Als Bonner Professor war er im Jahr der Machtergreifung Hitlers unter den Gründungsmitgliedern der "bekennenden Kirche", die sich der Gleichschaltung der Kirche durch den Hitlerstaat entziehen wollte. In der "Barmener Erklärung" von 1934, die Karl Barth formulierte, verwahrten sich mutige deutsche Theologen gegen die Vereinnahmung der Kirche. Als 1935 dieser Hitlerstaat von seinen Beamten einen Treueeid verlangte, war die Position Barths nicht mehr haltbar. Er kehrte nach Basel zurück, wo für ihn eine Professur eingerichtet wurde. Hier mahnte er zum Widerstand gegen das Nazitum und wandte sich 1941 in einer kritischen Rede "im Namen Gottes des Allmächtigen" anlässlich der 650-Jahr-Feier der Eidgenossenschaft an die Jugend.

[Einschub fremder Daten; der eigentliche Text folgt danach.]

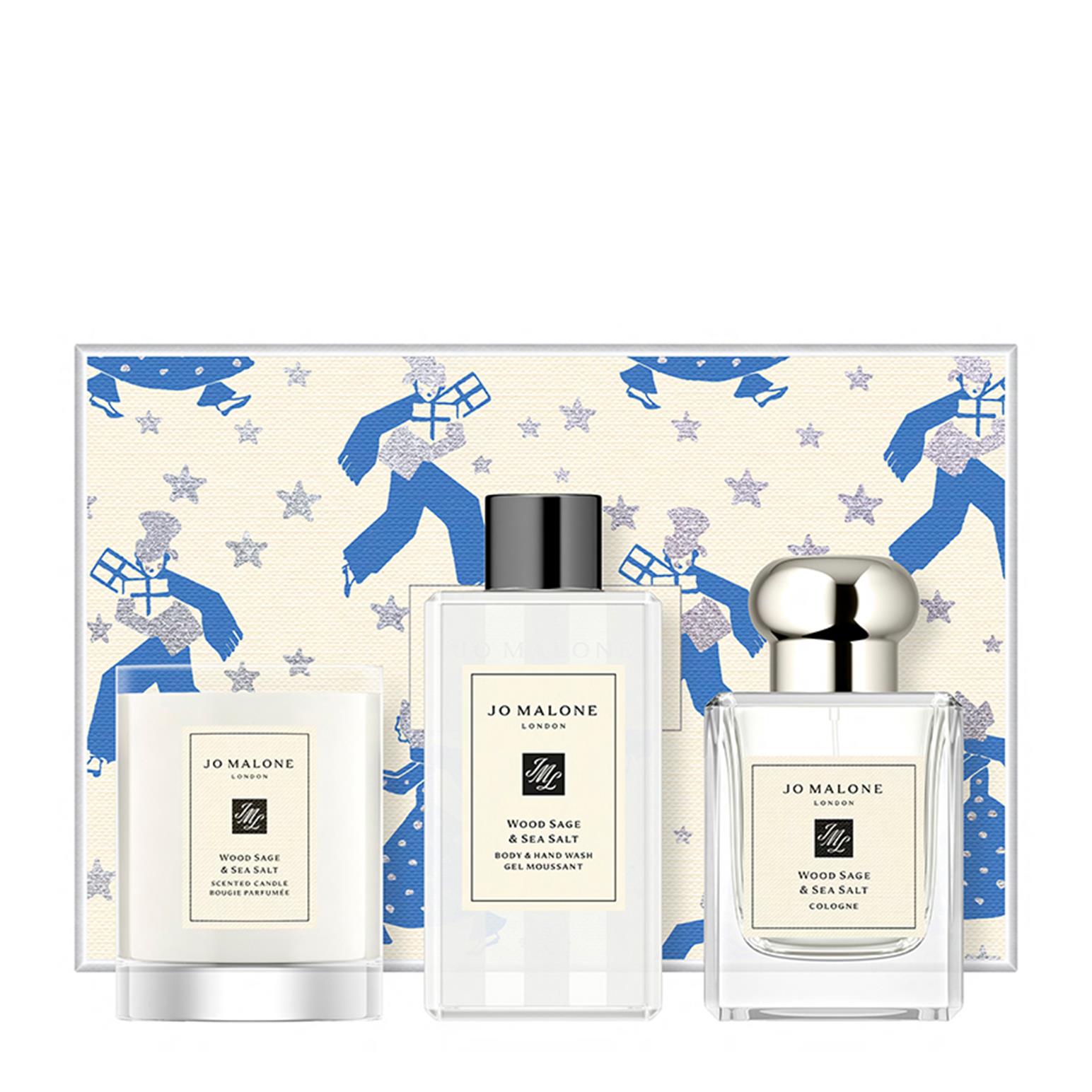 Jo Malone London Wood Sage & Sea Salt Collection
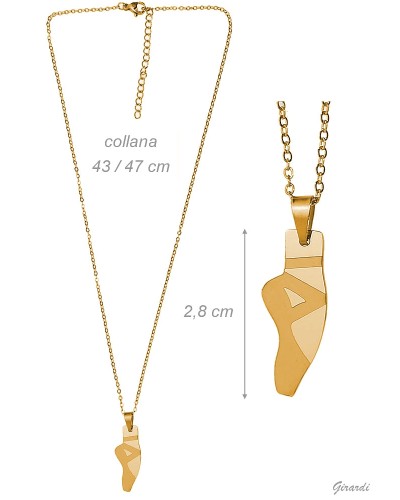 Collier danseuse GIRARDI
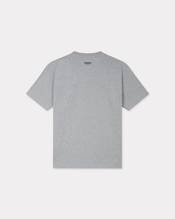 'Boke Flower' embroidered T-shirt in cotton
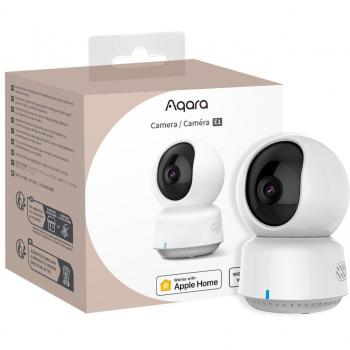 Cámara de seguridad IP Interior Aqara E1 2304 x 1296 Pixeles Wi-Fi Bluetooth Escritorio
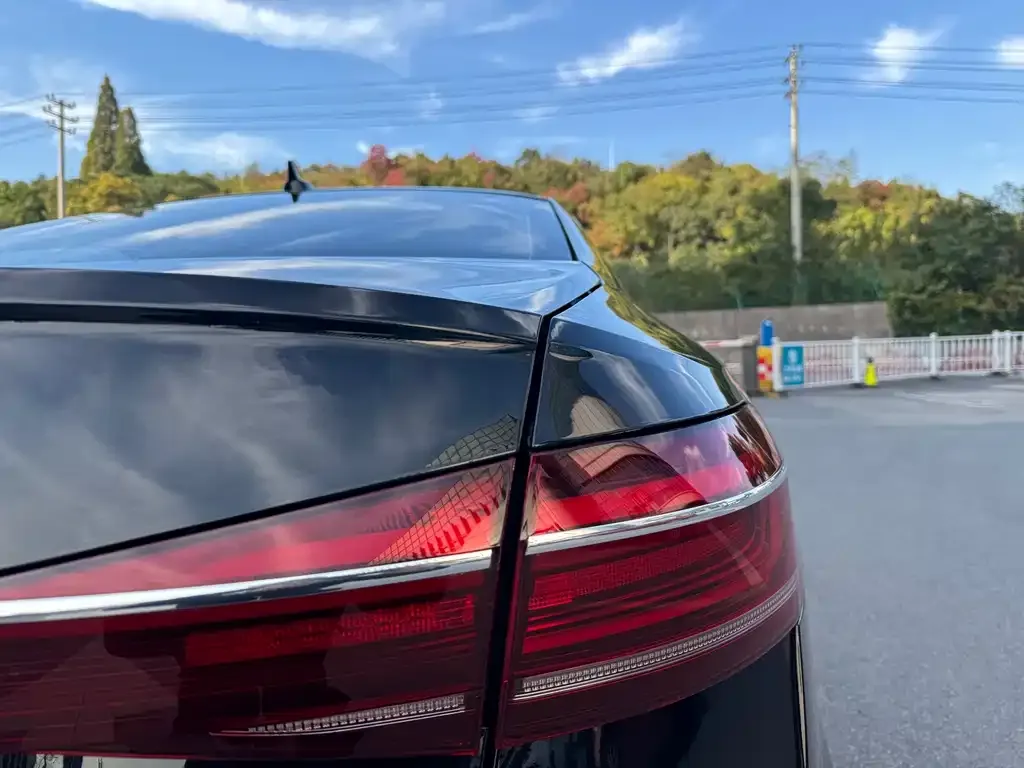 Volkswagen Passat — фото 6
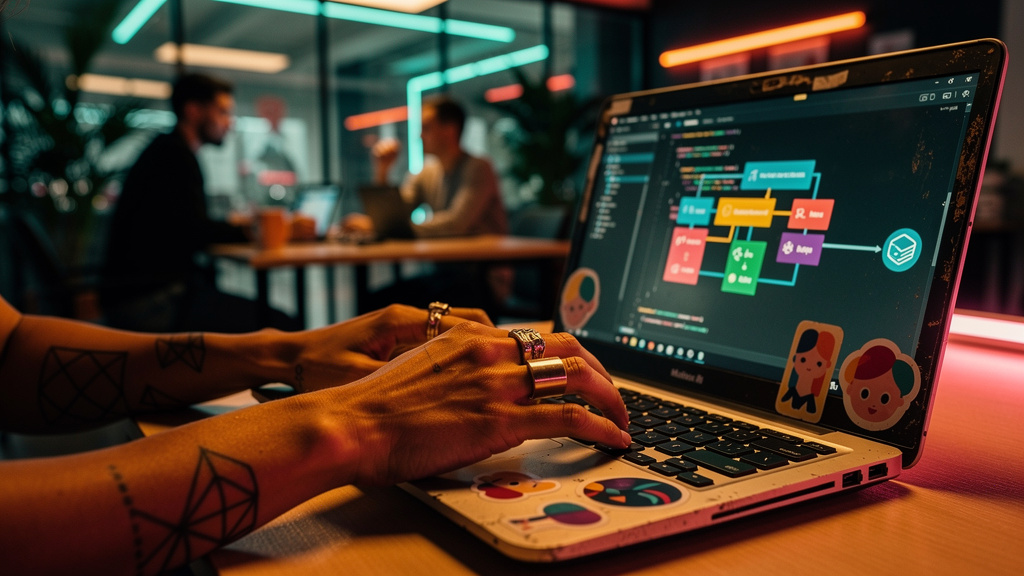 IA Revoluciona a Criação de Startups: Programação Acessível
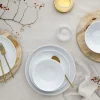 AllRound - Tellerset 12-tlg - Weiss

Der Prophet im eigenen Land nahm vieles von der Kritik am Verhalten der Eidgenossenschaft während des Zweiten Weltkrieges, die in den 1990er-Jahren wegen des Judengoldes über die Schweiz und ihre Banken hereinbrach, vorweg. Sosehr er den Nazismus bekämpfte, so sehr trat er für eine Versöhnung mit Deutschland ein. Der deutsche Botschafter in der Schweiz, Dr. Axel Berg, erinnerte am 8. November in Seebach an die Worte, die Karl Barth im Januar 1945 - noch vor der deutschen Kapitulation - an seine Schweizer Landsleute richtete: "Was wir ihnen [den Deutschen] schuldig sind, ergibt sich aus dem, was sie nötig haben und was wir ihnen geben und sein können. Und nun ist das, was die Deutschen heute, an dem so dunklen Wendepunkt ihres Weges, nötig haben, ganz einfach dies: Freunde. Feinde haben sie sich genug gemacht …" Und weiter: "Uns Schweizern ist es zuzumuten [den Deutschen eine solche Freundschaft entgegenzubringen], weil wir christliche Schweizer sind."

Die Aktualität Karl Barths zeigt sich in der bunten Vielfalt seiner Nachfolger wie in den Debatten, die er noch immer auslöst - im Rahmen der "Münchner Barth-Deutung" wird etwa versucht, das Denken Barths in die totalitäre Ecke zu stellen. Falk Wagner spricht sogar davon, dass die Denkmuster in Barths Hauptwerk, der "Kirchlichen Dogmatik", strukturverwandt mit der nationalsozialistischen bzw. stalinistischen Theoriebildung seien! Zeugnis vom Reichtum der Barth-Rezeption leistet der eben erschienene Band mit den Vorträgen zum Kongress "Karl Barths Theologie als europäisches Ereignis" im Mai 2006 in Jena: Theologen aus aller Welt machten sich Gedanken über "Barth und die feministische Theologie", "Barth und die Lutheraner in Deutschland", "Barth und die Moderne" und "Barth und die Postmoderne" etc.

Die knappe, aber sehr informative Schrift von Frank Jehle, "Lieber unanständig laut, als anständig leise", über den "politischen Barth" kann als guter Einstieg in Leben und Werk empfohlen werden. Der umfangreiche Dokumentenband "Die Akte Karl Barth 1938-1945", herausgegeben von seinem letzten Assistenten, Eberhard Busch, versammelt erstmals die Originaldokumente der Schweizer Behörden, die die Bespitzelung und Behinderung des prophetischen Theologen in der neutralen Schweiz eindrücklich belegen. Der Jenaer Ordinarius Michael Trowitzsch stellt in "Karl Barth heute" den theologischen Diskurs Barths in den Zusammenhang großer Dichter und Künstler: möglicherweise ein Zugang für den atheistischen kulturbeflissenen deutschen Bildungsbürger.